The 2015 meeting of the International Sailing Federation, now known as World Sailing, was held in Sanya, China. One of the committees that met was the Offshore Special Regulations committee, which is responsible for creating equipment rules for six categories of sailboat racing, based on the proximity to rescue and the duration of the event. The Offshore Special Regulations have grown over the years: in fact, the 1982 version published by the then-United States Yacht Racing Union fit on a single sheet of paper. By 2014, the OSRs, as they are known, had grown to over 200 pages.
It’s interesting to consider why a relatively simple document like the 1982 version would grow to be a bloated, complicated, and ultimately undesirable document that tormented yacht owners, boat captains, and pre-race inspectors due to its incomprehensibility. One could argue that a wide range of new products have come to the market since 1982, and many of those items have greatly reduced the risks of going offshore, or even along the shore.

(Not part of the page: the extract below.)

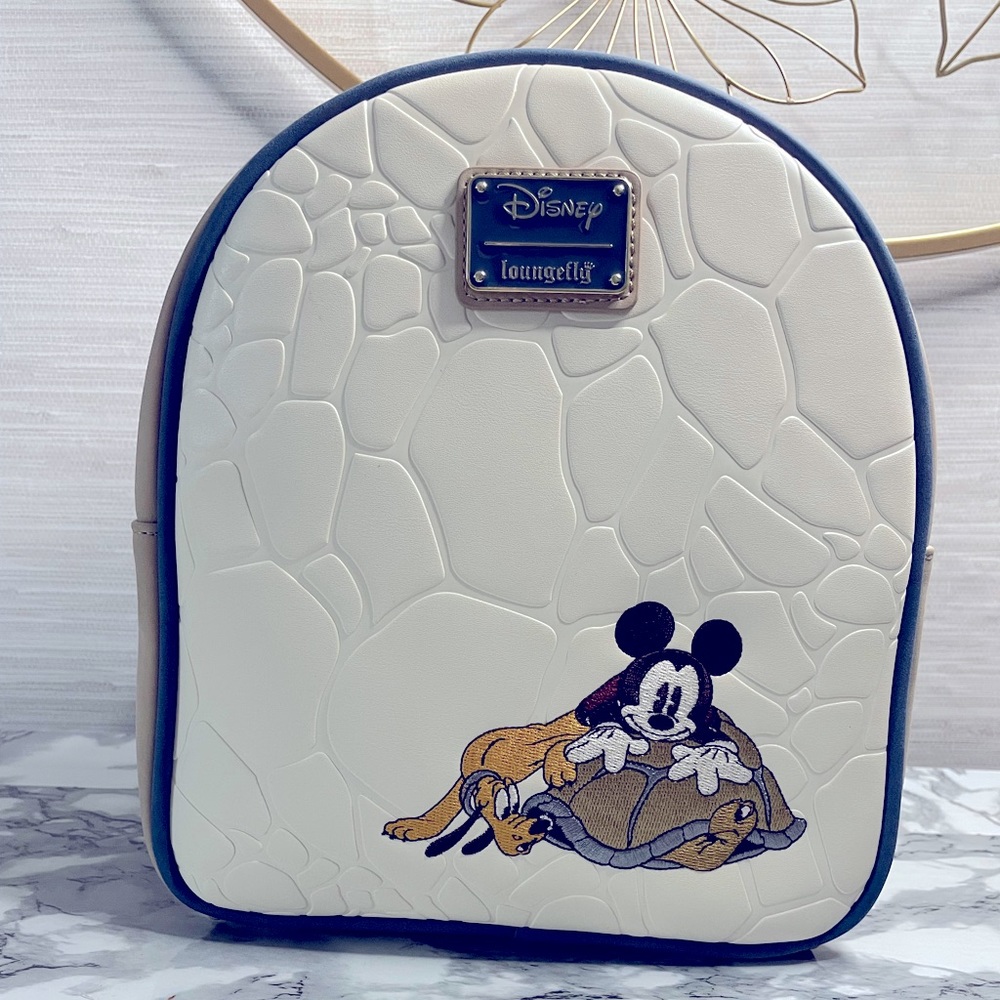 Loungefly Mickey back pack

Who wouldn’t want to have an EPIRB, a high buoyancy inflatable life jacket, GPS, AIS transceivers, satellite telephones, VHF radios with Digital Selective Calling, even if it caused the page of requirements to become a small booklet of requirements?
Items tend to be added to the Offshore Special Regulations with relatively little debate about their merits compared to either not adding them, or exchanging them for other items. When AIS became available a few years ago, I can imagine that most offshore sailors felt that the ability to know the location of AIS-equipped vessels was absolutely worth the cost of adding an AIS receiver or transceiver. How could it not be the right thing to do? What about improved safety harness tethers that would have different snaps at each end, and a dated tag that showed when it was purchased, and a overload indicator that would show when the tether had been subjected to a large load (undefined, as it turns out, in the Special Regulations).
Sometimes the new items or technologies obsolete some thing that is already bought and paid for and on the boat. If we’re lucky, the new technology is given a few years of leadtime before it’s required, and the old items are allowed for a few years of additional use before being relegated to the rubbish bin or marine flea markets. But it’s always hard to resist new pieces of kit, since everyone worries that if only one life is saved with the new gear, then it will have been worth it.
Thus, it was somewhat amazing that one of the submissions presented in Sanya was to eliminate the carriage of SOLAS rocket parachute flares on offshore race boats. Instead of having six relatively expensive pyros on board, Category 1 boats would not have any. Not only are these flares dated, with an expiration date of 42 months, but they are virtually impossible to recycle or ship, and they have relatively few instances where they have been the critical alerting device in rescues. Remarkably, the Offshore Special Regulations committee voted to remove the need to carry these devices, showing a reversal of the trend to add consistently rather than to have each item fight for its place on the list of gear.
This raises the obvious question: how DO you decide what gear should be voluntarily carried, or require it to be carried, when sailing offshore? Is more always better? Are you playing fast and loose with the safety of your crew when you elect to not carry a piece of gear?
Let’s look at an example. Most of us would not consider voyaging down the coast of California and certainly not to Hawaii without carrying a life raft. But is this a logical choice? Life rafts cost around $4,500, require periodic maintenance that might amortize out to $200 per year, and last about 15 years. Total cost per year of ownership: $500 per year. But how many U.S. sailors are saved by life rafts every year? It’s a tiny number: perhaps 20 in a particularly bad year, and perhaps fewer than 10 in a good year. Is it worth it, ignoring the obvious argument that, “if it were your family, you’d sure want to have one if the boat sank” which is always going to be raised. A better argument that lacks some of the emotion is “what alternative do you have if your boat burns or sinks?” A life raft is nearly the only choice.
Let’s return to SOLAS rocket parachute flares. How may sailors are saved by this item, considering that they may have VHF radios, hand flares, EPIRBs, SEND devices, Iridium phones, strobe lights, spot lights and on and on? Perhaps parachute flares have fallen prey to the improving technologies that we all embrace, especially the ability to communicate over the horizon to either rescue networks or rescuing vessels. Perhaps, in this case, we can confidently retire these devices, and their frequent replacement, hazardous waste disposal, and potential to harm the B&G masthead unit, and feel confident that we’ve evolved beyond technologies that were more appropriate for the Titanic generation. As the song says, breaking up is hard to do, but sometimes it’s the right thing to do.